>>>
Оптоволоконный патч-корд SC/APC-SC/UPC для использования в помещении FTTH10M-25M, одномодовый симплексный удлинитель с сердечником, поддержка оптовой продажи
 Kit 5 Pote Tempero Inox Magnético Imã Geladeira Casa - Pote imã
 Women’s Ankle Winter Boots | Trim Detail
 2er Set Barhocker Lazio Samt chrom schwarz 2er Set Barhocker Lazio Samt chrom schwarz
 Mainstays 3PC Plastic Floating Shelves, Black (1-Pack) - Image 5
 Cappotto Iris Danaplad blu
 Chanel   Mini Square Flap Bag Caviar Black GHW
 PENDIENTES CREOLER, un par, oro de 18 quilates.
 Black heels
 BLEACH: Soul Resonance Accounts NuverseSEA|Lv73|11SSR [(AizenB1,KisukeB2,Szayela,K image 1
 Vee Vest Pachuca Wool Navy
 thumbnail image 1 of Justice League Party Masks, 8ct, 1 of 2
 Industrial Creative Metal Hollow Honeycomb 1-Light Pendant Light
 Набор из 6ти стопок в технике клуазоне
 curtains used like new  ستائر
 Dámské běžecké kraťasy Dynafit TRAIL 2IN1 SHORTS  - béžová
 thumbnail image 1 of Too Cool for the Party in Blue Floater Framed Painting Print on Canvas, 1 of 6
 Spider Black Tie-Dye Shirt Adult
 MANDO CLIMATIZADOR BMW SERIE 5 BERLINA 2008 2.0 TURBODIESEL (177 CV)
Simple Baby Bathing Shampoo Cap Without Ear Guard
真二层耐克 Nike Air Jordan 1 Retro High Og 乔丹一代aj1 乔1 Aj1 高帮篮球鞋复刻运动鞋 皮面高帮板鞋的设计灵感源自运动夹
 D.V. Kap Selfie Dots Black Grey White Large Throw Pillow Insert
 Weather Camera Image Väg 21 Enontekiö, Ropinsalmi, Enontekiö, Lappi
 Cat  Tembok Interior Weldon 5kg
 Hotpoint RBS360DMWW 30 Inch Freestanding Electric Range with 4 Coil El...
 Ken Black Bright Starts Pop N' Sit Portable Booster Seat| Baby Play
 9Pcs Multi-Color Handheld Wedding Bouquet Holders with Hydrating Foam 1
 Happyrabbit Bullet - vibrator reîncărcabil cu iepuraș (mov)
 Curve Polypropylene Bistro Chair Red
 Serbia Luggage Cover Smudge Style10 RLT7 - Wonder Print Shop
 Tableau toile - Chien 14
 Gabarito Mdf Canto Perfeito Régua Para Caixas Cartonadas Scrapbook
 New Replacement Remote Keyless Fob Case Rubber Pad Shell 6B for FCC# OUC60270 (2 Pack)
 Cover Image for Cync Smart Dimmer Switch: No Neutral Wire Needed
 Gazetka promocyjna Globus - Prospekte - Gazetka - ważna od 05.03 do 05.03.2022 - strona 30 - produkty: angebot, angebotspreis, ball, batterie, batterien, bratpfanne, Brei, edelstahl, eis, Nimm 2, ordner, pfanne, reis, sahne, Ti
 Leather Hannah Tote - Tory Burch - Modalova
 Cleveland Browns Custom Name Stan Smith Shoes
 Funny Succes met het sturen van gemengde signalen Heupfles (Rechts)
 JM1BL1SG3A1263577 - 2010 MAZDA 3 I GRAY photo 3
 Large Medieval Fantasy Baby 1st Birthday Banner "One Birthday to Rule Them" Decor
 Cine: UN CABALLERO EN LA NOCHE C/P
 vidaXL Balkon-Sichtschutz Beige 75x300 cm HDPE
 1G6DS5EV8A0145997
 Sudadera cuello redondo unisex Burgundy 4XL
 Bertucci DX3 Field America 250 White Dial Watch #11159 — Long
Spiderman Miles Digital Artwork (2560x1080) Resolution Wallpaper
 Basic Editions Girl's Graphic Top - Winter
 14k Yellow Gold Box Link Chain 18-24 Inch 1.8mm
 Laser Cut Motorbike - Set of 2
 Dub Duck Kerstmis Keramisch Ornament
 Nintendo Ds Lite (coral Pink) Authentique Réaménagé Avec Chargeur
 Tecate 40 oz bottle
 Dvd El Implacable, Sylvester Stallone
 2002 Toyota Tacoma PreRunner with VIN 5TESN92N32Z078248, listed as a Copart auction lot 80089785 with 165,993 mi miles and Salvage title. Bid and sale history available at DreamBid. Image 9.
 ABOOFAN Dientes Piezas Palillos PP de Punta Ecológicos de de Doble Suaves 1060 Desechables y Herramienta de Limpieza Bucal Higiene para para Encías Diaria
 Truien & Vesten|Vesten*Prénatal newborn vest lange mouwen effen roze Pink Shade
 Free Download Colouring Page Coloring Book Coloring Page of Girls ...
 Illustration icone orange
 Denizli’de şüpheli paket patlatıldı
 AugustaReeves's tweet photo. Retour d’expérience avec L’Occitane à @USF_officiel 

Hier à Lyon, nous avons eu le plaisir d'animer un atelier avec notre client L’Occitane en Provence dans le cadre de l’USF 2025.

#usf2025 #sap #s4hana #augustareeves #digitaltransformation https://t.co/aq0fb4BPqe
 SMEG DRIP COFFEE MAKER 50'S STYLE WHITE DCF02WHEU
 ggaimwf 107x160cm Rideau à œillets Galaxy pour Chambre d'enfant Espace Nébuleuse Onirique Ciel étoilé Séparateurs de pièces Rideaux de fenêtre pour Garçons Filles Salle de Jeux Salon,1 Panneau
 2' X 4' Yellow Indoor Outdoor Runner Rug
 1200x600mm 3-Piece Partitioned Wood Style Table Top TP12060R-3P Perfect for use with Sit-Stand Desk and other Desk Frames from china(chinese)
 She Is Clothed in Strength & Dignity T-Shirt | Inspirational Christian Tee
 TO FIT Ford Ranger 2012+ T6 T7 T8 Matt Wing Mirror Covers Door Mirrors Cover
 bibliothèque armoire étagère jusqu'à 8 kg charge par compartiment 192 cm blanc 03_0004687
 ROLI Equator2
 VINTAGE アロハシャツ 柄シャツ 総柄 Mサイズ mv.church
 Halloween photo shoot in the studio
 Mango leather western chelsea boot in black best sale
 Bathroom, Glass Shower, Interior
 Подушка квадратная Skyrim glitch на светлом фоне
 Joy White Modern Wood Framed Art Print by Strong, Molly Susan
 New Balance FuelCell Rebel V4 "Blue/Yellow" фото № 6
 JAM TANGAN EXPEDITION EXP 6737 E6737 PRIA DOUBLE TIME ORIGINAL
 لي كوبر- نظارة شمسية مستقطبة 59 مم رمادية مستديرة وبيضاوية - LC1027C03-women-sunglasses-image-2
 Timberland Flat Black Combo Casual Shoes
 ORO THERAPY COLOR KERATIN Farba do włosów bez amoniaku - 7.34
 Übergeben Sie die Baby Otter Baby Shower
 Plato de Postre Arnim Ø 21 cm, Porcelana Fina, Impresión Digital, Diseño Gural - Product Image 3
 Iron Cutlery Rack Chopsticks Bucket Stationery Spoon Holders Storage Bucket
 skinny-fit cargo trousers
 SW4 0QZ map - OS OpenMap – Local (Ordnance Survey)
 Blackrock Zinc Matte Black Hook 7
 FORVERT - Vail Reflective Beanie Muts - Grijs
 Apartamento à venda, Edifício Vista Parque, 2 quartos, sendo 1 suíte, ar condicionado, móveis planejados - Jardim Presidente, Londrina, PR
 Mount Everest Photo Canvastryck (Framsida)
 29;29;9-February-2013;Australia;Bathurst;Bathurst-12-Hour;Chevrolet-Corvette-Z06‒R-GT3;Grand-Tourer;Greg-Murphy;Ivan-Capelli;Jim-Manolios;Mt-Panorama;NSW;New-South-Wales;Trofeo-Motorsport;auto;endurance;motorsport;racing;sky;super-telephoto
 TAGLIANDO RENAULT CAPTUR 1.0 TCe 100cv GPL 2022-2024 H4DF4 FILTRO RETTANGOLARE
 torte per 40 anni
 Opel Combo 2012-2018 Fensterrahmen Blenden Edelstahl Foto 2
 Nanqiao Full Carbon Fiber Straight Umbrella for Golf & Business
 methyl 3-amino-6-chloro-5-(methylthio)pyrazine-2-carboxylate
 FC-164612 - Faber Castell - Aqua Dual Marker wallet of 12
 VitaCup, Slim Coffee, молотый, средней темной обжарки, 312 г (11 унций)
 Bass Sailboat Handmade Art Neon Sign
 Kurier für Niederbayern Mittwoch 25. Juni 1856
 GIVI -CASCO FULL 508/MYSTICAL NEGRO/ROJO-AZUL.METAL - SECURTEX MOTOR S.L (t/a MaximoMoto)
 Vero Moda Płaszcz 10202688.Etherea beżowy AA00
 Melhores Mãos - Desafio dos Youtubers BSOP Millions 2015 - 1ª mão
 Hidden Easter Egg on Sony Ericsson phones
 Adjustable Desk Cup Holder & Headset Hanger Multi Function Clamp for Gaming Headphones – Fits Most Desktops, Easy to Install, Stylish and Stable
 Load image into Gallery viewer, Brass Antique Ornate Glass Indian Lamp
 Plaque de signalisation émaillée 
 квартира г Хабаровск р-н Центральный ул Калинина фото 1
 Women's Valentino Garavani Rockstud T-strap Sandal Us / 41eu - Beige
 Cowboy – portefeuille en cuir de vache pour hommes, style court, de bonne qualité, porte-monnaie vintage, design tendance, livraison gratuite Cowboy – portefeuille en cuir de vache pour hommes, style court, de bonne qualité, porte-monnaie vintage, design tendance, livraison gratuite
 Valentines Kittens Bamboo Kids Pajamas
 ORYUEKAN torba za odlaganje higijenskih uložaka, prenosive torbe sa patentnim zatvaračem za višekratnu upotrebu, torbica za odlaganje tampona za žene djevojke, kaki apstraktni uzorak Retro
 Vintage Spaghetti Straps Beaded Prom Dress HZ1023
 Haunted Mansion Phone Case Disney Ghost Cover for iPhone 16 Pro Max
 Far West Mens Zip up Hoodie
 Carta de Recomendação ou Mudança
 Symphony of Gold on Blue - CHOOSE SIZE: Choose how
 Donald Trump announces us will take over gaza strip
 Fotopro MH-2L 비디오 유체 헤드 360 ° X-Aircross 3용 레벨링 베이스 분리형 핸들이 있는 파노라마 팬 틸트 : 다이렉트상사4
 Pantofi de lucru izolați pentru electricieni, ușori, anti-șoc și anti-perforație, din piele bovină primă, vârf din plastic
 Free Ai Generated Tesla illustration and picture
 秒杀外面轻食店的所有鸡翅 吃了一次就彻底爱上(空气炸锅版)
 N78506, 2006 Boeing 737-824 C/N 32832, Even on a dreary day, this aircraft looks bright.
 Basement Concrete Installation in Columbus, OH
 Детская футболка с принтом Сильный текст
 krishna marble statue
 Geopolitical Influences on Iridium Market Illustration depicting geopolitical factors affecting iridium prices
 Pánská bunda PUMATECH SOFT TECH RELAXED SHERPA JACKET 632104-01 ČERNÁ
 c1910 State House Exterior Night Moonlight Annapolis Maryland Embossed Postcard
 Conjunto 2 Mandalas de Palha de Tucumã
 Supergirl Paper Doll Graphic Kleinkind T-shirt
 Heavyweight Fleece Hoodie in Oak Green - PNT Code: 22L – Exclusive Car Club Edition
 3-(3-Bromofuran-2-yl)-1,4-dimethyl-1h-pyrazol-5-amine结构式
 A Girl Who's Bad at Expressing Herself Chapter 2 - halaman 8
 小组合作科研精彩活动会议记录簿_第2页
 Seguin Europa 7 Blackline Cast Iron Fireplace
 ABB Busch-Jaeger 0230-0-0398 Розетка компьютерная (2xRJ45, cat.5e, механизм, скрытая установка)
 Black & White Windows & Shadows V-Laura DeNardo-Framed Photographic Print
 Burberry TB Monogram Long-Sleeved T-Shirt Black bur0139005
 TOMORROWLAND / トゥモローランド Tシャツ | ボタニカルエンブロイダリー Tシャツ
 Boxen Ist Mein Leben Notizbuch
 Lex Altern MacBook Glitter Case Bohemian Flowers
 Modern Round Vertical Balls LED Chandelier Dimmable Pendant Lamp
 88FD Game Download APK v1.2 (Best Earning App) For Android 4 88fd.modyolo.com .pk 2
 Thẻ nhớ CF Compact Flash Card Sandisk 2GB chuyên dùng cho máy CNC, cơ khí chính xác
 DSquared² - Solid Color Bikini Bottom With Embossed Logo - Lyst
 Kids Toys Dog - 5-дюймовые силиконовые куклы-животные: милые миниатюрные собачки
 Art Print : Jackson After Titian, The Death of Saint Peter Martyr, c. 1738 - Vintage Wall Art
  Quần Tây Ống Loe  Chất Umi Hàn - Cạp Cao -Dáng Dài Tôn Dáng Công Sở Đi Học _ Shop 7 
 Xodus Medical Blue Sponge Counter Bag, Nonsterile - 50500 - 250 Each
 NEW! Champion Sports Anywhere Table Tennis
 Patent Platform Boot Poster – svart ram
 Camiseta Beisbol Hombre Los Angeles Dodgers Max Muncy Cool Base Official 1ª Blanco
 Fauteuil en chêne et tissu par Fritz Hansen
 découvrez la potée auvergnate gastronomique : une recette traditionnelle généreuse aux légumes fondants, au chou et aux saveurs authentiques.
<<<
Beginning with the line that has "88FD Game Download", set down each line through the last one above, exactly, and nothing else.

 88FD Game Download APK v1.2 (Best Earning App) For Android 4 88fd.modyolo.com .pk 2
 Thẻ nhớ CF Compact Flash Card Sandisk 2GB chuyên dùng cho máy CNC, cơ khí chính xác
 DSquared² - Solid Color Bikini Bottom With Embossed Logo - Lyst
 Kids Toys Dog - 5-дюймовые силиконовые куклы-животные: милые миниатюрные собачки
 Art Print : Jackson After Titian, The Death of Saint Peter Martyr, c. 1738 - Vintage Wall Art
  Quần Tây Ống Loe  Chất Umi Hàn - Cạp Cao -Dáng Dài Tôn Dáng Công Sở Đi Học _ Shop 7 
 Xodus Medical Blue Sponge Counter Bag, Nonsterile - 50500 - 250 Each
 NEW! Champion Sports Anywhere Table Tennis
 Patent Platform Boot Poster – svart ram
 Camiseta Beisbol Hombre Los Angeles Dodgers Max Muncy Cool Base Official 1ª Blanco
 Fauteuil en chêne et tissu par Fritz Hansen
 découvrez la potée auvergnate gastronomique : une recette traditionnelle généreuse aux légumes fondants, au chou et aux saveurs authentiques.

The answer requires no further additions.